From 4d0555435b549dbf15ec8b47650255db9bac29ad Mon Sep 17 00:00:00 2001
From: goodboy <goodboy_foss@protonmail.com>
Date: Thu, 23 Apr 2026 21:36:19 -0400
Subject: [PATCH] Narrow forkserver hang to `async_main` outer tn
MIME-Version: 1.0
Content-Type: text/plain; charset=UTF-8
Content-Transfer-Encoding: 8bit

Fourth diagnostic pass — instrument `_worker`'s
fork-child branch (`pre child_target()` / `child_
target RETURNED rc=N` / `about to os._exit(rc)`)
and `_trio_main` boundaries (`about to trio.run` /
`trio.run RETURNED NORMALLY` / `FINALLY`). Test
config: depth=1/breadth=2 = 1 root + 14 forked =
15 actors total.

Fresh-run results,
- **9 processes complete the full flow**:
  `trio.run RETURNED NORMALLY` → `child_target
  RETURNED rc=0` → `os._exit(0)`. These are tree
  LEAVES (errorers) plus their direct parents
  (depth-0 spawners) — they actually exit
- **5 processes stuck INSIDE `trio.run(trio_
  main)`**: hit "about to trio.run" but never
  see "trio.run RETURNED NORMALLY". These are
  root + top-level spawners + one intermediate

The deadlock is in `async_main` itself, NOT the
peer-channel loops.

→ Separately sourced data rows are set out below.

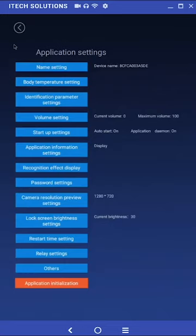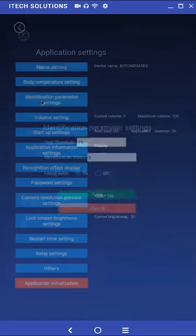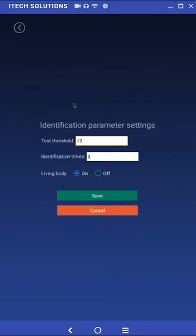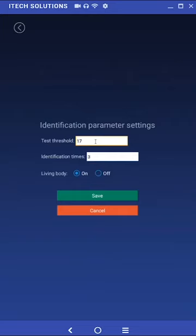Identification parameter settings. The options listed will be the test threshold, identification times, and living body. The test threshold is used when checking pictures into the face database. The higher the value, the lower the picture requirements are needed. The identification times determine the number of attempts to identify whether the person is a registered user.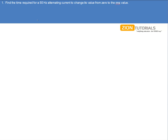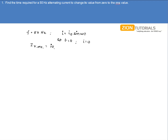Find the time required for a 50 Hz alternating current to change its value from 0 to RMS value. The frequency is given as 50 Hz. The alternating current is given by i = i₀ sin(ωt), where at t = 0 the current is 0.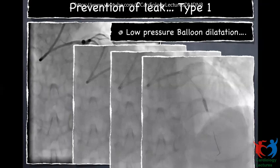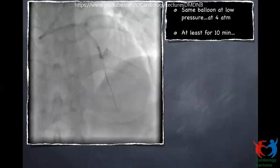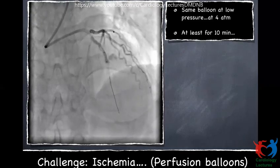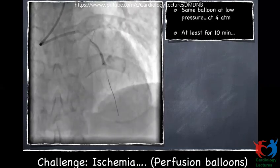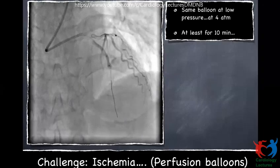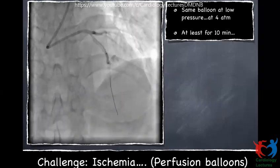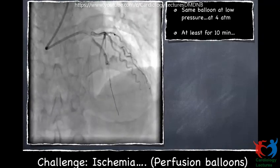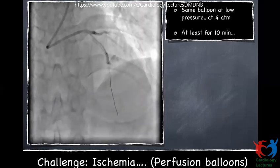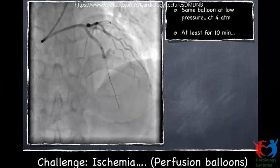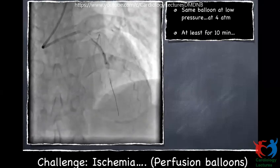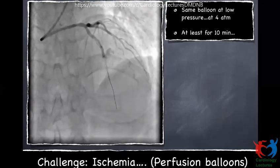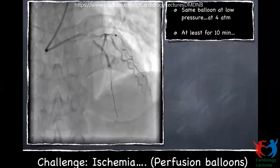Once you see uneven balloon expansion, you know it is likely to produce a perforation. The next shot showed a Type 1 leak — not going into the pericardium. The knee-jerk response was to dilate that balloon at low pressures right there. The most important thing is to recognize the perforation before pulling the balloon out of the coronary. Every time you do a stent implantation or post-dilatation, before pulling out the balloon into the guide catheter, always take a small check shot. Make sure there is no dissection or perforation, then pull out the balloon catheter.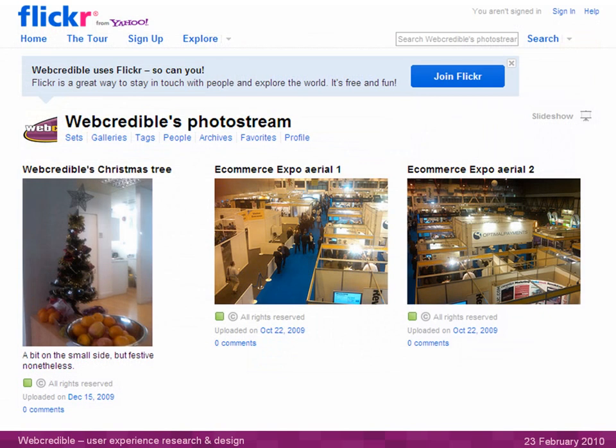Finally, we have the Webcredible Flickr stream. We use this for photo content — there's one of our Christmas tree there; I was amazed by how small it was, it's being dwarfed by a fruit bowl. But mainly it's photos of our facilities, when we go to exhibitions and events, and things happening in our office. This stream also links back to the website.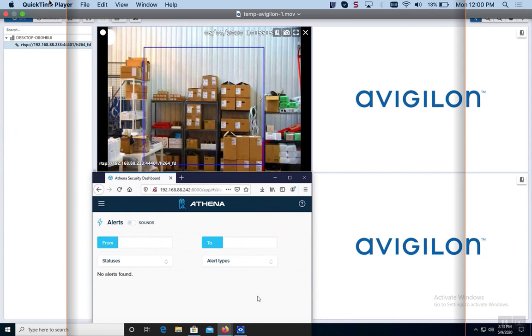Welcome everybody to Athena Security's Avigilon and Athena's integration. We're going to show you how our temperature detection system works with Avigilon today.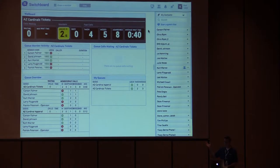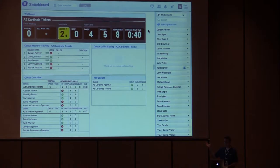Any questions on switchboard itself or what it can do? Now we're going to dive in and actually take a look at the interfaces to show you how we created some of the things we just saw.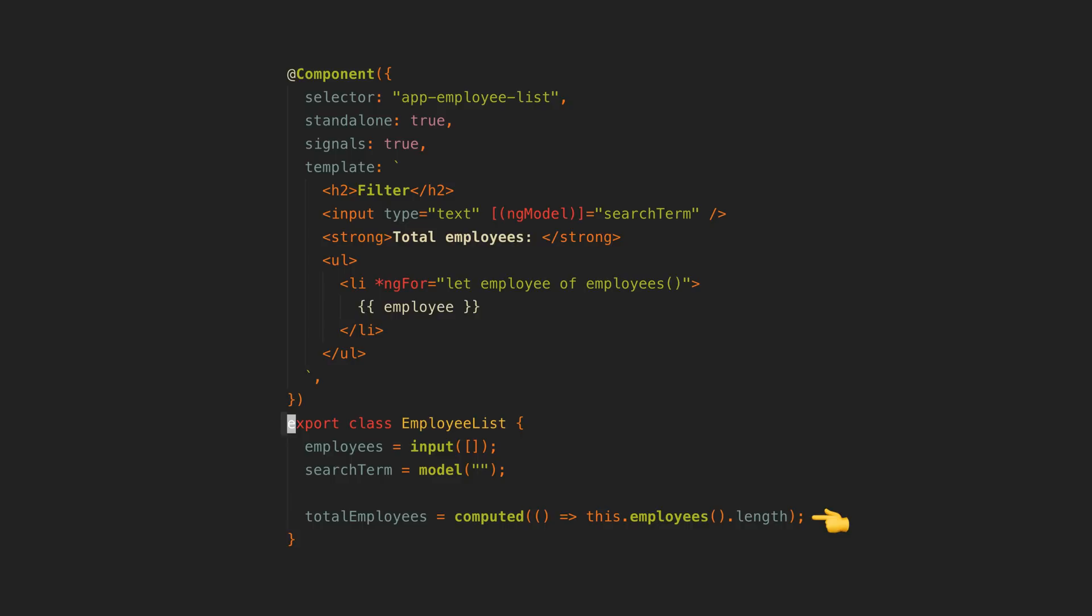We could, for example, create a computed signal from an input signal, and whenever that input signal updates, the computed signal with its derived value will update too.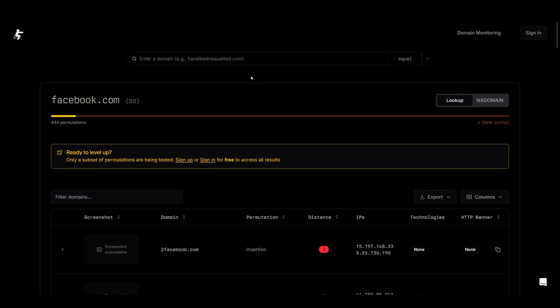If you'd like to see more search results, you need to create an account. They also have a feature to monitor your domain name, so whenever somebody tries to register a domain name that looks like the one you are using, you will get notified and can therefore take all the necessary actions.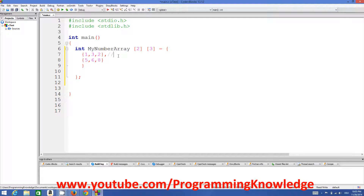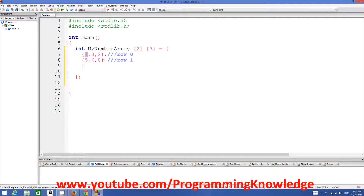This is the first row — row 1 logically, but in terms of C this is row 0, because the index of an array starts from 0. This is row 0 and this is row 1. The first column contains 1 and 5, the second column contains 3 and 6, and the third column contains 2 and 8.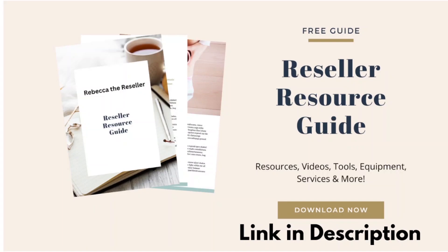Download your free reseller resource guide today. I constantly update and share with you discounts, favorites, tools, and resources to help you with your reselling business. After the video, click the link in the description and get your totally free guide today.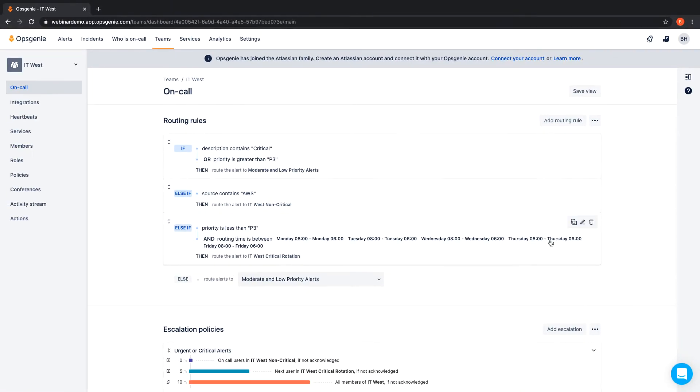Cloning capabilities enable you to use existing rules to create new ones. It is important to note that you can have multiple routing rules.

Specifically, the outer
`async with root_tn:` in `async_main` never exits
for the 5 stuck actors, so the cascade wedges:

    trio.run never returns
      → _trio_main finally never runs
        → _worker never reaches os._exit(rc)
          → process never dies
            → parent's _ForkedProc.wait() blocks
              → parent's nursery hangs
                → parent's async_main hangs
                  → (recurse up)

The precise new question: **what task in the 5
stuck actors' `async_main` never completes?**
Candidates:
1. shielded parent-chan `process_messages` task
   in `root_tn` — but we cancel it via
   `_parent_chan_cs.cancel()` in `Actor.cancel()`,
   which only runs during
   `open_root_actor.__aexit__`, which itself runs
   only after `async_main`'s outer unwind — which
   doesn't happen. So the shield isn't broken in
   this path.
2. `actor_nursery._join_procs.wait()` or similar
   inline in the backend `*_proc` flow.
3. `_ForkedProc.wait()` on a grandchild that DID
   exit — but pidfd_open watch didn't fire (race
   between `pidfd_open` and the child exiting?).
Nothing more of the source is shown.